● **Assignment**: Every line of the listing below should be written out exactly, minus its pictures.

● **Input data**:
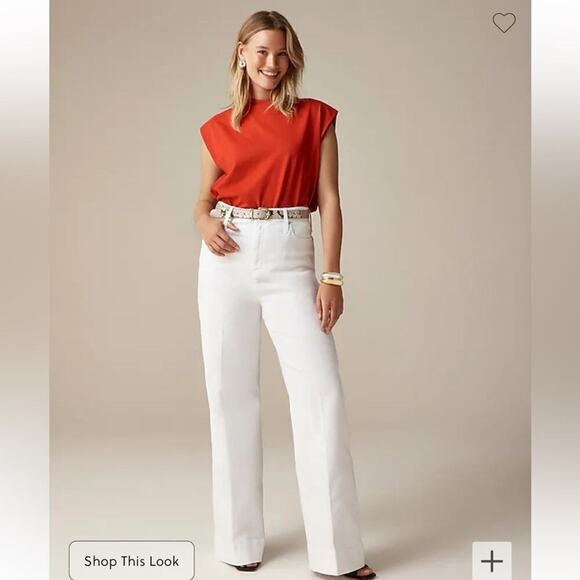 J. Crew‎ Petite Five Pocket Wide Leg Jean in White Wash Size 32P BM812 New - Picture 6 of 15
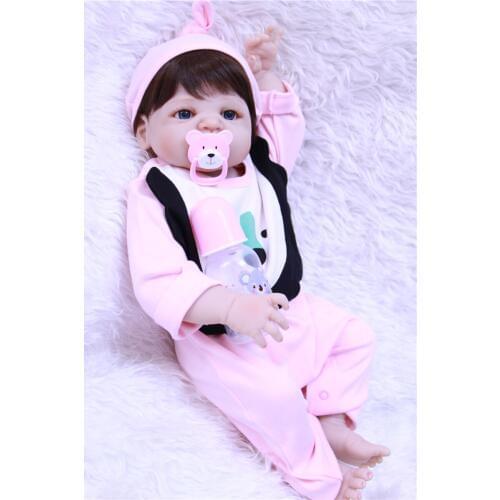 Lifelike girl doll reborn 22"55cm full body silicone reborn dolls creative child gift toy dolls bebe alive reborn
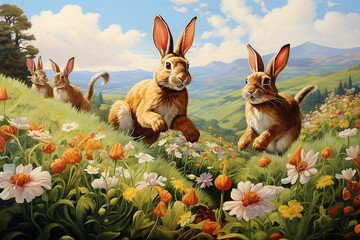 Canvas Print - easter bunny in the grass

● **Your response**:
 J. Crew‎ Petite Five Pocket Wide Leg Jean in White Wash Size 32P BM812 New - Picture 6 of 15
 Lifelike girl doll reborn 22"55cm full body silicone reborn dolls creative child gift toy dolls bebe alive reborn
 Canvas Print - easter bunny in the grass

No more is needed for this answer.